Provided entries:
◇ ◇ ◇ ◇ ◇ ◇ ◇

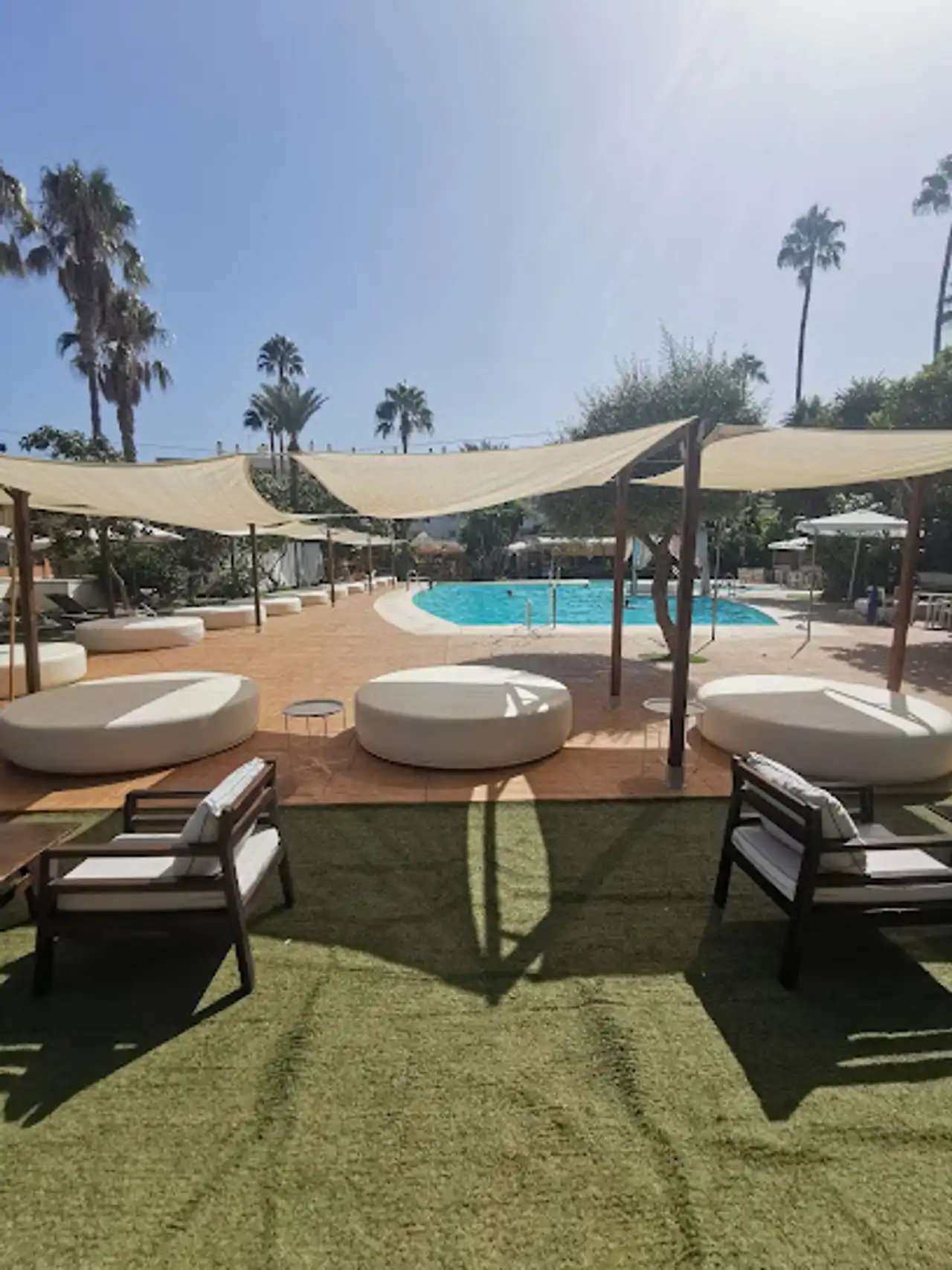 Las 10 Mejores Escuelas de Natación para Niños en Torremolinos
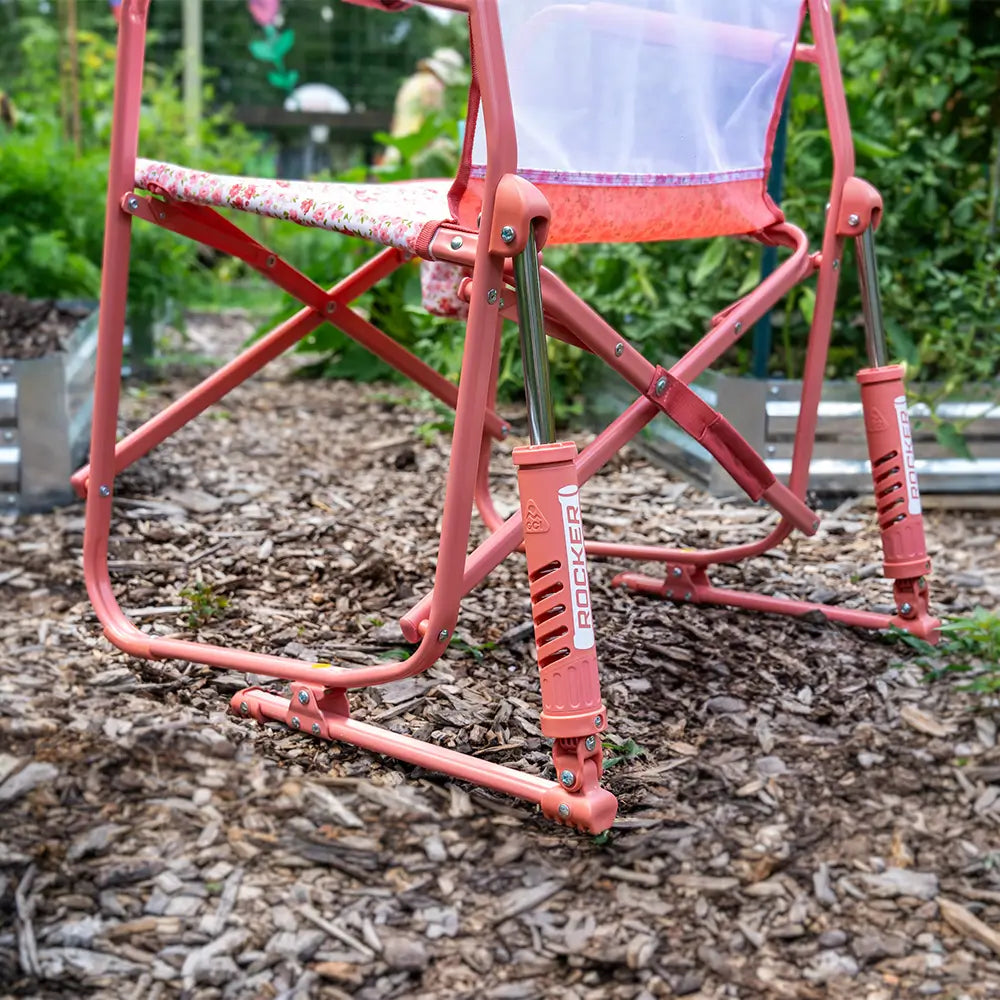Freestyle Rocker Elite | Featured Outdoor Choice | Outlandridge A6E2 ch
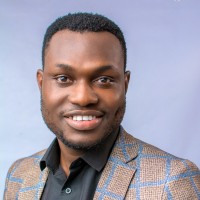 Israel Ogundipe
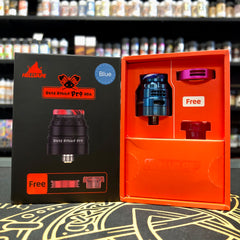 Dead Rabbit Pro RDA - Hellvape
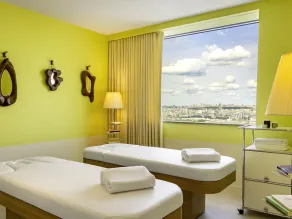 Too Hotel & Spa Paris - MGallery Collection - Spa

◇ ◇ ◇ ◇ ◇ ◇ ◇

Task brief:
All of the lines above must be printed again exactly, and no picture may appear in the copy.

Worked solution:
 Las 10 Mejores Escuelas de Natación para Niños en Torremolinos
Freestyle Rocker Elite | Featured Outdoor Choice | Outlandridge A6E2 ch
 Israel Ogundipe
 Dead Rabbit Pro RDA - Hellvape
 Too Hotel & Spa Paris - MGallery Collection - Spa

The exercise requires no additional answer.